以下は、大日岳遭難事故訴訟 における中山建夫さんの陳述書 、重野太肚二さんの陳述書 、大日岳主稜線の傾斜の調査、北アルプス大日岳無積雪期の現地調査報告書に対するぼくの批判レポート「大日岳事故とその法的責任についての考察」の要旨です。2004年4月21日付のこのレポートは、その後、大日岳事故訴訟の法廷で被告側から陳述され乙第43号証となりました。

「登山事故裁判での登山の実状についての登山者の証言や陳述は公開されて他の登山者によって検証されるべきである」というぼくの持論に照らせば、このレポート全文が公開されるべきなのですが、レポート中の「資料及び写真」をHPで公開するのは著作権法上の問題があるように感じます。それで、とりあえず、要旨のみ開示することにしました。お急ぎの方は富山地方裁判所で閲覧できるはずです。

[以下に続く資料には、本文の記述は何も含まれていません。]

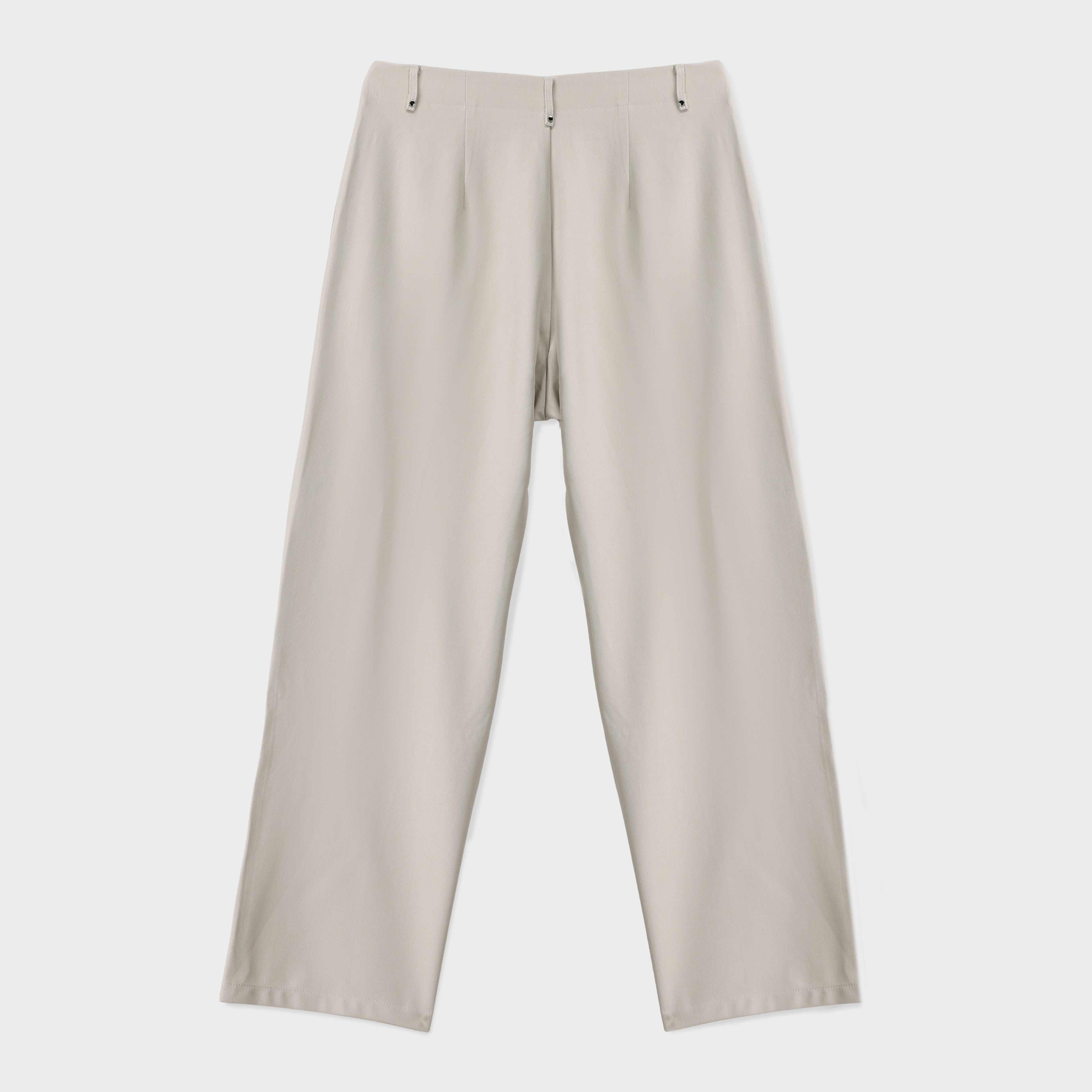 Concealed Belt Tailored Pant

ぼくは、このレポートの「22.最後に」で、上記のお二人に対して、「私の考察に誤りがあることが事実であるのならば、その誤りは正されなければなりません。よって、ぜひ、ご主張とその根拠をご指摘ください。私もまた私の考察を再検討するでしょう。」と述べました。本ページにお二人のコメントが寄せられ、掲載させていただける日の来ることを心より切望します。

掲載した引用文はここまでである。